Title: Rise of the Mystics
Author: Ted Dekker
“I was the 49th Mystic, and I was searching for the Five Seals of Truth before the Realm of Mystics could be destroyed,” Rachelle remembers in Ted Dekker’s novel, Rise of the Mystics.
~ What ~
Part two of two in the Beyond the Circle series, this four-hundred-and-eighteen-page paperback targets those who enjoy futuristic mystical fiction with other-worldly characters and analogies to Christianity. Using slang words such as crap and heck, topics of dream-control, imprisonment, torture, and death may not be appropriate for immature readers. The ending has the author’s biography and advertisements plus Talya’s Journal on the Forgotten Way. Using mainly the New American Standard Bible, the ABPE, BLB, ESV, HCSB, ISV, KJV, NHEB, and NIV are also referenced.
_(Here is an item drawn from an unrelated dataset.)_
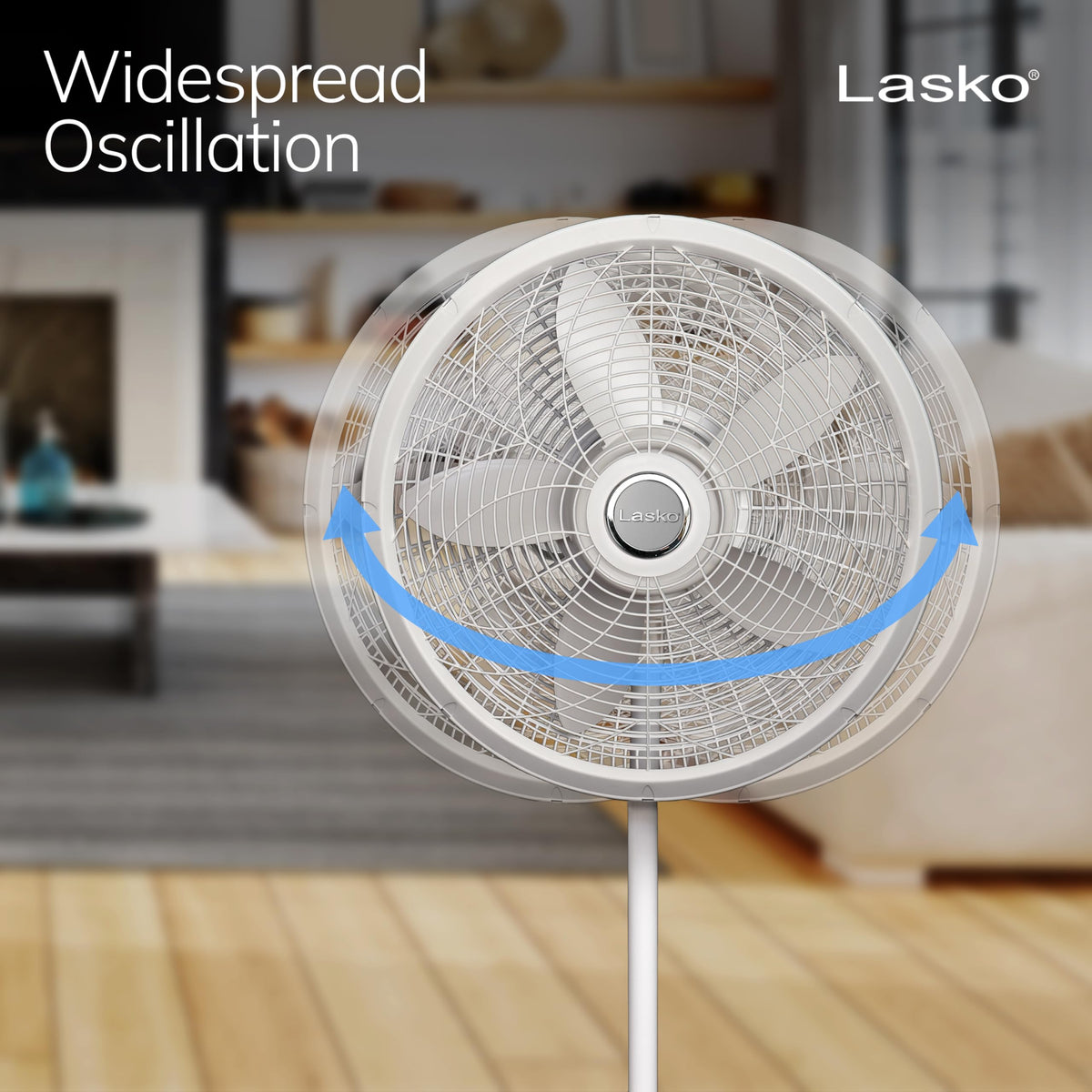 Oscillating Pedestal Fan with Adjustable Height and 3 Cooling Speeds, 18", White D377211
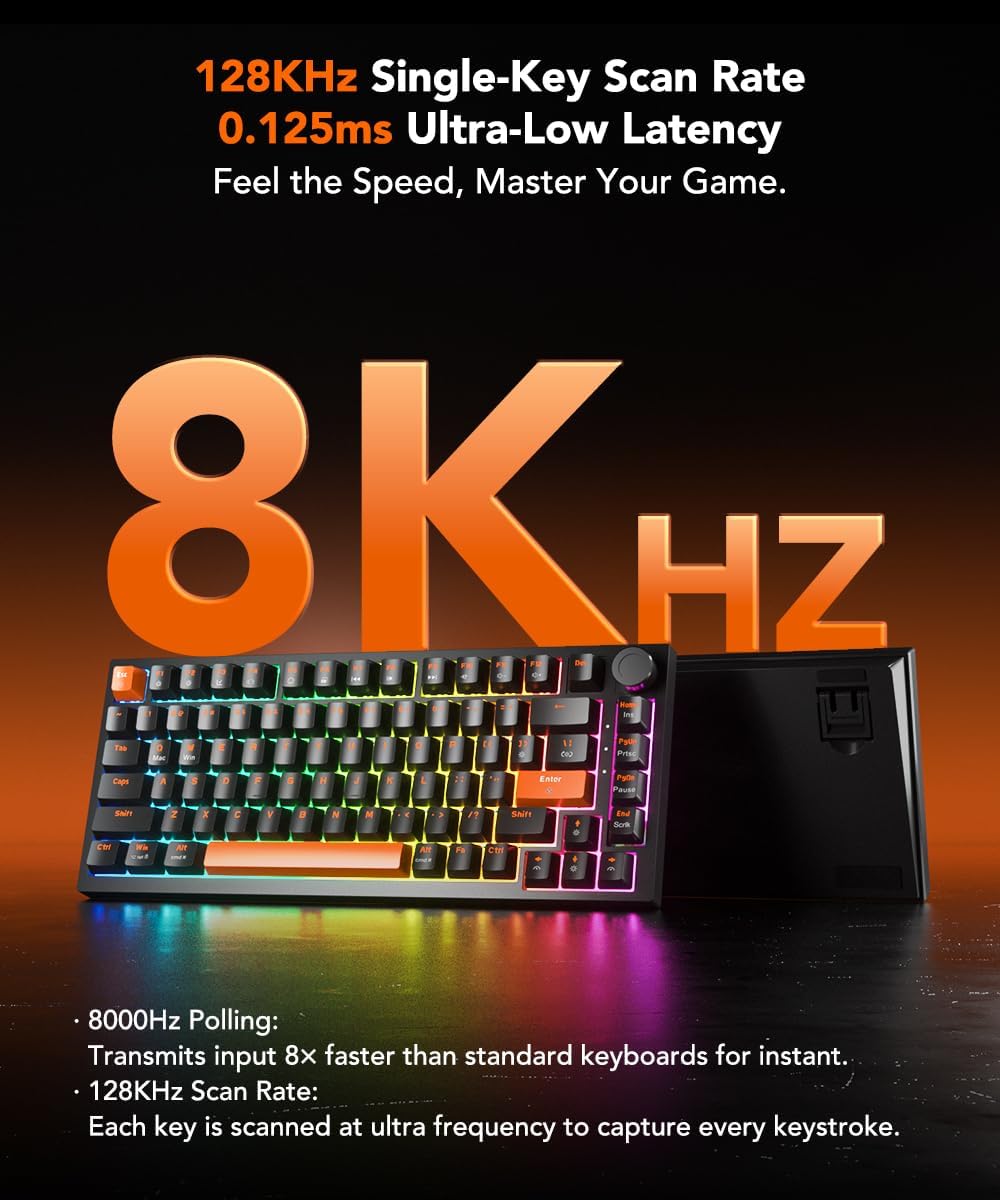 KYSONA HE82 Mechanical Gaming Keyboard Wired with Multi-Function Knob, Hall Effect Magnetic Switches, Adjustable Actuation, Hyper Trigger, 8KHz Polling Rate Custom Driver for PC/Mac/Laptop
In this sequel to the first book that is set in the future on two worlds that are two-hundred years apart, Rachelle continues to travel between the Earth and Other Earth whenever she dreams to overcome Vlad Smith and his evil plans. As she deals with two worlds of polarity, she surrenders herself to loving without judgment as her memory gets wiped in one world and she turns into one she abhors in another in her quest to uncover the fourth and fifth seal to save the Realm. It is only until she learns True Love that she can save those around her and herself.
~ Why ~
This is a sci-fi fantasy complete with good and evil, love versus hatred, and acceptance with understanding. The author writes with vivid detail, often in first person from the protagonist’s view of having forgotten who she is and what she needs to do. It promotes that true love holds no record of wrong and how hatred is devastating. I appreciated it contains a recap of the first book at its beginning.
~ Why Not ~
Those who do not like futuristic fiction that involves mysticism, allegory, and fantasy will pass on this read. Some may feel the book gets complicated with two ongoing worlds that do not track as well as the first book. Others may find its connection to Scripture not completely Biblical, sometimes confusing and conflicting.
~ Wish ~
Having read the prior book, I found this one even more of a challenge as it includes out-of-context Biblical theory and sometimes randomly. Some may question if it endorses an accurate plan of eternal salvation as there was no asking forgiveness of sin, Jesus shedding His blood on the cross, or His resurrection but more of a “follow your heart – all is love” concept. Although I liked some of both worlds’ characters, I found the conclusion baffling regarding universal redemption and the journal’s interpretations and applications sometimes misrepresenting. Due to stretching the Bible to accommodate the story and vice versa, I agreed with Vlad telling Aaron and David on page 68, “You must know by now that if you torture any scripture long enough, you can get it to say whatever you want.” I prefer all pronouns of God capitalized for reference.
~ Want ~
If you like a futuristic book about True Love in two dark worlds, this may interest you, but I found it too confusing, rambling, and perhaps distorted from Biblical theology so cannot promote it as Christian fantasy.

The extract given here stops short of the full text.